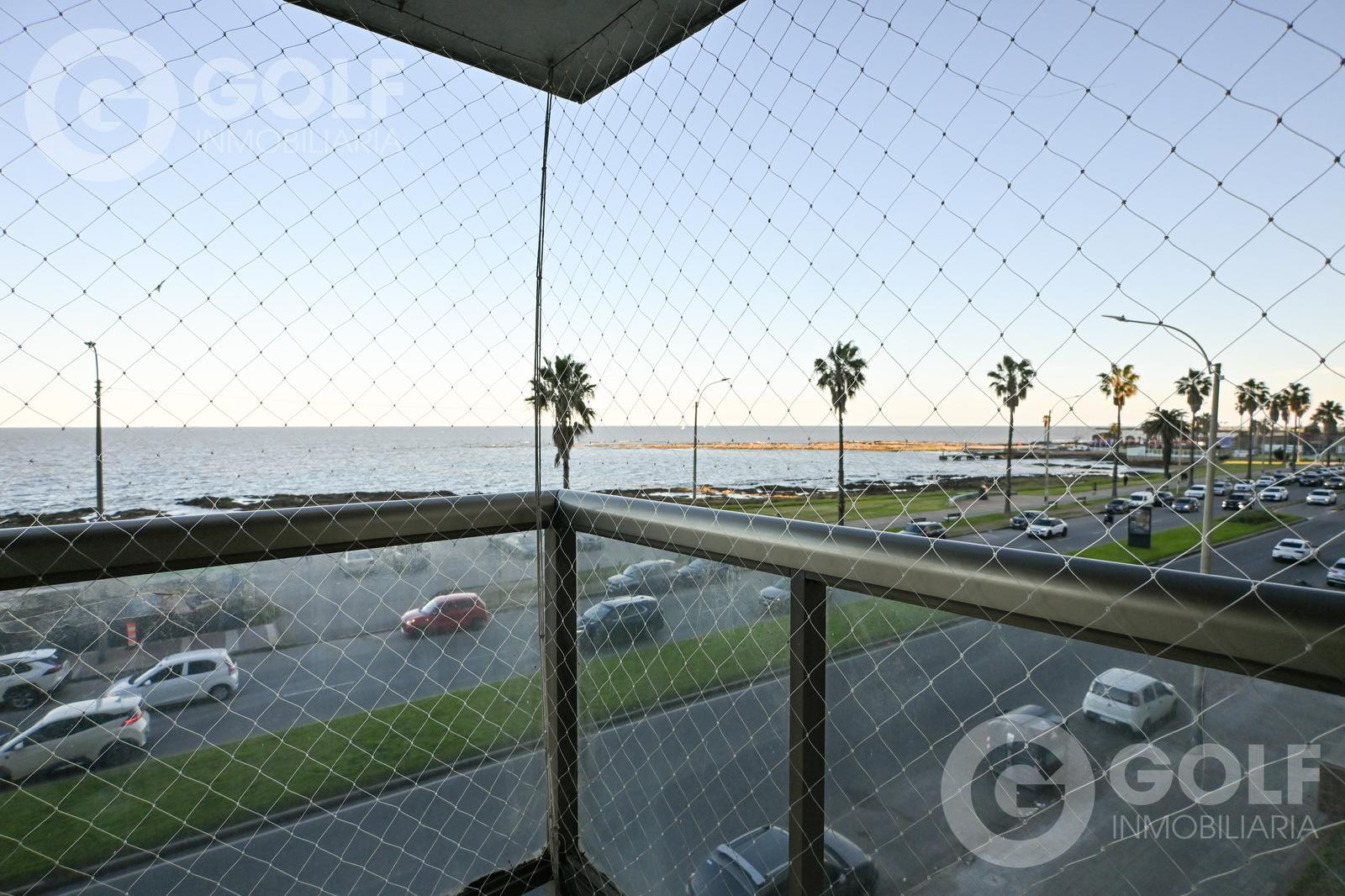 Alquiler de apartamento 2 dormitorios con muebles y cochera en Punta Carretas, sobre rambla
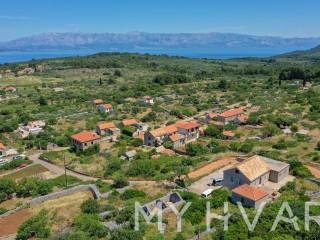Samostojeca kuca, Prodaja, Jelsa, Pitve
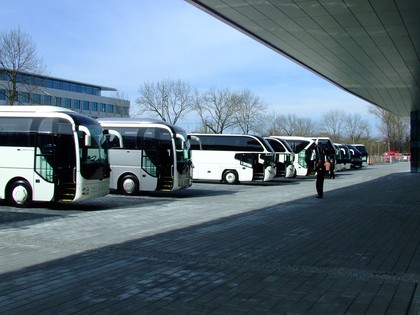 Připravujeme: Z oslav 75 let značky Neoplan 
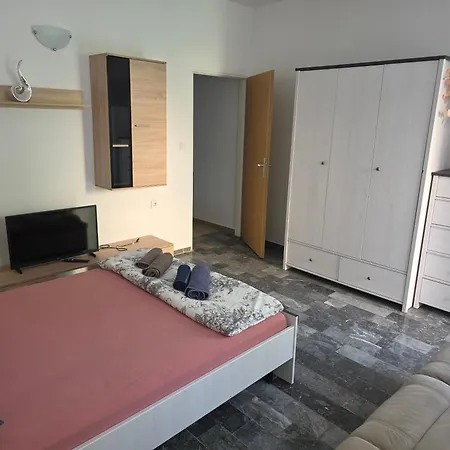 Marko 1 Bedroom #2 * 풀라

────────────────────

### TASK TO COMPLETE
A word-for-word retyping of the material above is expected, without pictures.

### EXPECTED OUTPUT
 Alquiler de apartamento 2 dormitorios con muebles y cochera en Punta Carretas, sobre rambla
Samostojeca kuca, Prodaja, Jelsa, Pitve
 Připravujeme: Z oslav 75 let značky Neoplan 
 Marko 1 Bedroom #2 * 풀라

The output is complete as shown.